» What to do:
Exactly as written, copy the lines of the data below from the first through the one containing "Зарядное устройство Hi-Watt HWBC3".

BEGIN Information provided

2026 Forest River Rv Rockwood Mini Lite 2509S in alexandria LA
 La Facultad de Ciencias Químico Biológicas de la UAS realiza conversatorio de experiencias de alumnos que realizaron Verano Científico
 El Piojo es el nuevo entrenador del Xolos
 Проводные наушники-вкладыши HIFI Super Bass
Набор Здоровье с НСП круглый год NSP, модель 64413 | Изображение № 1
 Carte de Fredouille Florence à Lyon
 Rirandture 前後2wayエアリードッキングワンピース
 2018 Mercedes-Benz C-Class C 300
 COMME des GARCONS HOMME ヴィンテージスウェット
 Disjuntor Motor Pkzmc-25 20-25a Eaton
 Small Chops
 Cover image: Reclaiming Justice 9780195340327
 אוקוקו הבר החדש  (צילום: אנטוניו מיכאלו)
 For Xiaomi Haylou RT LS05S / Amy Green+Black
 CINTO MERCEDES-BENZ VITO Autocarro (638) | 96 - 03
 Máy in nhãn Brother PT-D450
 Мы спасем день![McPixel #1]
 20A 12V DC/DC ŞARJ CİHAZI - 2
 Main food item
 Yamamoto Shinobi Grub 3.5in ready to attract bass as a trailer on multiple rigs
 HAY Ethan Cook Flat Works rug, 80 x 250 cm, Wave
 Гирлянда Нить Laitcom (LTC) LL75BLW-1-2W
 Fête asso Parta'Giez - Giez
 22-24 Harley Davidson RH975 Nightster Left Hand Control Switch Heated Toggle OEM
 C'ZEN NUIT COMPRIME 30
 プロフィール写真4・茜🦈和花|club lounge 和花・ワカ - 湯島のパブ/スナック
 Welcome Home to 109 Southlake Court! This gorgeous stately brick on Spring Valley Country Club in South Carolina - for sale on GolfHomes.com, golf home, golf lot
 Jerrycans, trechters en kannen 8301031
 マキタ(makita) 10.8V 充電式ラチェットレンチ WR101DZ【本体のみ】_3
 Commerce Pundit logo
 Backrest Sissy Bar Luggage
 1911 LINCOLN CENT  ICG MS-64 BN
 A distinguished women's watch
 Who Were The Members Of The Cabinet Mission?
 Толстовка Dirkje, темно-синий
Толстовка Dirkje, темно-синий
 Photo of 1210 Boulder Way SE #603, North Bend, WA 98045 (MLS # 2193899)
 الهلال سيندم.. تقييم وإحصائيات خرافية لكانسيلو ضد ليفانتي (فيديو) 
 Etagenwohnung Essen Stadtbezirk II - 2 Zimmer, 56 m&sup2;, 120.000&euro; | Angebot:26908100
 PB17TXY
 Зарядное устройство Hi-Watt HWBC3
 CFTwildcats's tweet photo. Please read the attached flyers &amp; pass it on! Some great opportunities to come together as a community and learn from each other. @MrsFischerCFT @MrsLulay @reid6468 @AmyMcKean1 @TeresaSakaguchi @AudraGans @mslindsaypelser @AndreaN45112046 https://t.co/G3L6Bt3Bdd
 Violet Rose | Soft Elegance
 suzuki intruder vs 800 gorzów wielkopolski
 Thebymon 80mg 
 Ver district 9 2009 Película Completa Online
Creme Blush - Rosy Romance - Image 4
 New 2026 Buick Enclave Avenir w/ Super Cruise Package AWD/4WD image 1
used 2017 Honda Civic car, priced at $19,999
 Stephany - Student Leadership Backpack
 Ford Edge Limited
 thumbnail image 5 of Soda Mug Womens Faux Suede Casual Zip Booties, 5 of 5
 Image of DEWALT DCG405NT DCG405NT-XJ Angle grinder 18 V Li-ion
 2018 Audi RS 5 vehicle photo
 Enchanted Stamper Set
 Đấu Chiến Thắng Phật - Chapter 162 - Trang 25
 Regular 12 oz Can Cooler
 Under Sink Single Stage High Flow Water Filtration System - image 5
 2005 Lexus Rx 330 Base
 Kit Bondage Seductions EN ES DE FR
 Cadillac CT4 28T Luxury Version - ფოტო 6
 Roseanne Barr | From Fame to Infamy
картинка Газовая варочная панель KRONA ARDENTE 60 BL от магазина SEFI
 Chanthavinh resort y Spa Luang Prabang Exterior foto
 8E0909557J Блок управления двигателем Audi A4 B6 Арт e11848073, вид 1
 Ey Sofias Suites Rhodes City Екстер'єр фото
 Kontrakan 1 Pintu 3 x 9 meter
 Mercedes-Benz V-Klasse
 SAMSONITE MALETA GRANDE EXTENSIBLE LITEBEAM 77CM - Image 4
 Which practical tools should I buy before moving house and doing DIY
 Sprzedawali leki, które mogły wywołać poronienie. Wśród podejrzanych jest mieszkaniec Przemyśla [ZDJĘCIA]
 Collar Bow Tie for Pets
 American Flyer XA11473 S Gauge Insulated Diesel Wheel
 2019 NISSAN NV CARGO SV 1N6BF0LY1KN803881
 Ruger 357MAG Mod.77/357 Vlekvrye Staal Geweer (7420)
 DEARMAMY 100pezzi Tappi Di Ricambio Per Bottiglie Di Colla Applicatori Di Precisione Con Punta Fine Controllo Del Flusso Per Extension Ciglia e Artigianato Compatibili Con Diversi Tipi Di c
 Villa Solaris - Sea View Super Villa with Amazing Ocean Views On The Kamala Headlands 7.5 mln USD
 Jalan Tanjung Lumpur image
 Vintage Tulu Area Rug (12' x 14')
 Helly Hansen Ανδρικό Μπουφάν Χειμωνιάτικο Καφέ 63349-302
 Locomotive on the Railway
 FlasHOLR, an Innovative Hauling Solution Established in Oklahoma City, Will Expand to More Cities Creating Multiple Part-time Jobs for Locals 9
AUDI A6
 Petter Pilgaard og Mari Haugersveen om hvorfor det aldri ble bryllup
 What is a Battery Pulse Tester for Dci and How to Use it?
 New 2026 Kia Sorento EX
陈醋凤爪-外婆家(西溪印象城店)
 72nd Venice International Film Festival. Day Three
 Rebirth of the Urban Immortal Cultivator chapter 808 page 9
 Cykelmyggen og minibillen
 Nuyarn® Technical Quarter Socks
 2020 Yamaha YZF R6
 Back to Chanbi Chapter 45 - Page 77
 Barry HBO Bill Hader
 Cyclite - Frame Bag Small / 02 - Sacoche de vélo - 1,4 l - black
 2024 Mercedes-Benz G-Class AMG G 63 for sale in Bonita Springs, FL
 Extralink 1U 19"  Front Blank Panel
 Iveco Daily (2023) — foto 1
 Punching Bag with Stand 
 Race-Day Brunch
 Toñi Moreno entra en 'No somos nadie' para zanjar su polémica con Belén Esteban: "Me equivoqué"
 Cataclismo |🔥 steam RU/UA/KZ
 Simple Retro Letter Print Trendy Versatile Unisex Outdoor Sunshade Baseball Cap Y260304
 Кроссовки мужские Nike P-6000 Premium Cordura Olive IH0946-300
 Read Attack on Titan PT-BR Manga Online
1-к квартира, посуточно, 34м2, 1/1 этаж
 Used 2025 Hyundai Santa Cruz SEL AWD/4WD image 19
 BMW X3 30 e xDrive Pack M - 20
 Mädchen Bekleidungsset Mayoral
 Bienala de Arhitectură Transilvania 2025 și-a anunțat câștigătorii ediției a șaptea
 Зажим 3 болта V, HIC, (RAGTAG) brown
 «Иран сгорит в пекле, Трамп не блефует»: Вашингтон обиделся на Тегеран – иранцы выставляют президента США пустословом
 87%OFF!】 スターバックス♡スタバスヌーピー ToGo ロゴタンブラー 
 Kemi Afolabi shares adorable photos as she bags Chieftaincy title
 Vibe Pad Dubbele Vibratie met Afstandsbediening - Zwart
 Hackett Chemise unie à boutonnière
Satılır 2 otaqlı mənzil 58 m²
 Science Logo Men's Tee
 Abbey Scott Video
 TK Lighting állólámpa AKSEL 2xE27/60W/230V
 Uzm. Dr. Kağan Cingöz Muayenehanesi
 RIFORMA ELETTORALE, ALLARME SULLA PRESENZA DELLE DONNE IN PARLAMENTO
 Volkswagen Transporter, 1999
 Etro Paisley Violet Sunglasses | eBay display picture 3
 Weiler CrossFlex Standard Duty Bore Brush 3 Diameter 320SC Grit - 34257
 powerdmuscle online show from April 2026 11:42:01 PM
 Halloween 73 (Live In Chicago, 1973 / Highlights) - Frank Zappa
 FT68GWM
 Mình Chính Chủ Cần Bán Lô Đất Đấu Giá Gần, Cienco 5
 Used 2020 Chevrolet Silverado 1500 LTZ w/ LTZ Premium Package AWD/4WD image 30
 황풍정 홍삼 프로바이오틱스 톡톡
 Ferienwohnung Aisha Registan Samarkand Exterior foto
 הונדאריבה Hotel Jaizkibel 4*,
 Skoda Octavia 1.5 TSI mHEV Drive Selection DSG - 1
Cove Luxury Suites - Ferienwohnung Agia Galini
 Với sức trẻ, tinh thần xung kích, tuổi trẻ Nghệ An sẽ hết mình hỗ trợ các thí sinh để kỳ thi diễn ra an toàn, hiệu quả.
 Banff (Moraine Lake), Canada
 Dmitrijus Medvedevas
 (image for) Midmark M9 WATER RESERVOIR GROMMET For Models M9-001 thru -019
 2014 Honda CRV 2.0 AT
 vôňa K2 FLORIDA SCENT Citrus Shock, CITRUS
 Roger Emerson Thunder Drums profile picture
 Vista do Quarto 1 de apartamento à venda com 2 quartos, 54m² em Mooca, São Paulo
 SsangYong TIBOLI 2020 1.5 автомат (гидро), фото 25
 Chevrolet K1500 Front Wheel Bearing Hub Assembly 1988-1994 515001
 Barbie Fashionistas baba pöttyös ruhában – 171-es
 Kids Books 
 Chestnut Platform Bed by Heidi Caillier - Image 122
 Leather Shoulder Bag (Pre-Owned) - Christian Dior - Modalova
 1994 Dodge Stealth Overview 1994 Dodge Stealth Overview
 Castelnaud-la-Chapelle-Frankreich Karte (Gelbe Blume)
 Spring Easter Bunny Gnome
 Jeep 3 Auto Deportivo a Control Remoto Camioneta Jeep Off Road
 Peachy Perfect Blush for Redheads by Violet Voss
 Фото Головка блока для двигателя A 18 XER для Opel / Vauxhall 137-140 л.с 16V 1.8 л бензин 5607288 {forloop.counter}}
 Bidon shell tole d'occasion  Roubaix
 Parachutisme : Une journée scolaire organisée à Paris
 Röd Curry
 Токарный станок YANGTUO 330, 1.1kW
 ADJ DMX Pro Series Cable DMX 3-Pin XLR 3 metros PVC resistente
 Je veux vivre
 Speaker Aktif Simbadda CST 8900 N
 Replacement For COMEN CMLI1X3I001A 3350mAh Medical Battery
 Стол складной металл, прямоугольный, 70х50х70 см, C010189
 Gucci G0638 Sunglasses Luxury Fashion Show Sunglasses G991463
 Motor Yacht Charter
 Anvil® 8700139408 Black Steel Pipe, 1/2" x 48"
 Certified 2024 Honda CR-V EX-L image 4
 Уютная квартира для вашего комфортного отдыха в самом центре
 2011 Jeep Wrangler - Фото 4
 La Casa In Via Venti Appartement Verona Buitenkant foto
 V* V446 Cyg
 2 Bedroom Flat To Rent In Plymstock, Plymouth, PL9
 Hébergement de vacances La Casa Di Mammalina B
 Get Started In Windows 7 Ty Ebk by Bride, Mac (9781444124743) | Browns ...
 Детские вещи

END Information provided

» Response to this task:
2026 Forest River Rv Rockwood Mini Lite 2509S in alexandria LA
 La Facultad de Ciencias Químico Biológicas de la UAS realiza conversatorio de experiencias de alumnos que realizaron Verano Científico
 El Piojo es el nuevo entrenador del Xolos
 Проводные наушники-вкладыши HIFI Super Bass
Набор Здоровье с НСП круглый год NSP, модель 64413 | Изображение № 1
 Carte de Fredouille Florence à Lyon
 Rirandture 前後2wayエアリードッキングワンピース
 2018 Mercedes-Benz C-Class C 300
 COMME des GARCONS HOMME ヴィンテージスウェット
 Disjuntor Motor Pkzmc-25 20-25a Eaton
 Small Chops
 Cover image: Reclaiming Justice 9780195340327
 אוקוקו הבר החדש  (צילום: אנטוניו מיכאלו)
 For Xiaomi Haylou RT LS05S / Amy Green+Black
 CINTO MERCEDES-BENZ VITO Autocarro (638) | 96 - 03
 Máy in nhãn Brother PT-D450
 Мы спасем день![McPixel #1]
 20A 12V DC/DC ŞARJ CİHAZI - 2
 Main food item
 Yamamoto Shinobi Grub 3.5in ready to attract bass as a trailer on multiple rigs
 HAY Ethan Cook Flat Works rug, 80 x 250 cm, Wave
 Гирлянда Нить Laitcom (LTC) LL75BLW-1-2W
 Fête asso Parta'Giez - Giez
 22-24 Harley Davidson RH975 Nightster Left Hand Control Switch Heated Toggle OEM
 C'ZEN NUIT COMPRIME 30
 プロフィール写真4・茜🦈和花|club lounge 和花・ワカ - 湯島のパブ/スナック
 Welcome Home to 109 Southlake Court! This gorgeous stately brick on Spring Valley Country Club in South Carolina - for sale on GolfHomes.com, golf home, golf lot
 Jerrycans, trechters en kannen 8301031
 マキタ(makita) 10.8V 充電式ラチェットレンチ WR101DZ【本体のみ】_3
 Commerce Pundit logo
 Backrest Sissy Bar Luggage
 1911 LINCOLN CENT  ICG MS-64 BN
 A distinguished women's watch
 Who Were The Members Of The Cabinet Mission?
 Толстовка Dirkje, темно-синий
Толстовка Dirkje, темно-синий
 Photo of 1210 Boulder Way SE #603, North Bend, WA 98045 (MLS # 2193899)
 الهلال سيندم.. تقييم وإحصائيات خرافية لكانسيلو ضد ليفانتي (فيديو) 
 Etagenwohnung Essen Stadtbezirk II - 2 Zimmer, 56 m&sup2;, 120.000&euro; | Angebot:26908100
 PB17TXY
 Зарядное устройство Hi-Watt HWBC3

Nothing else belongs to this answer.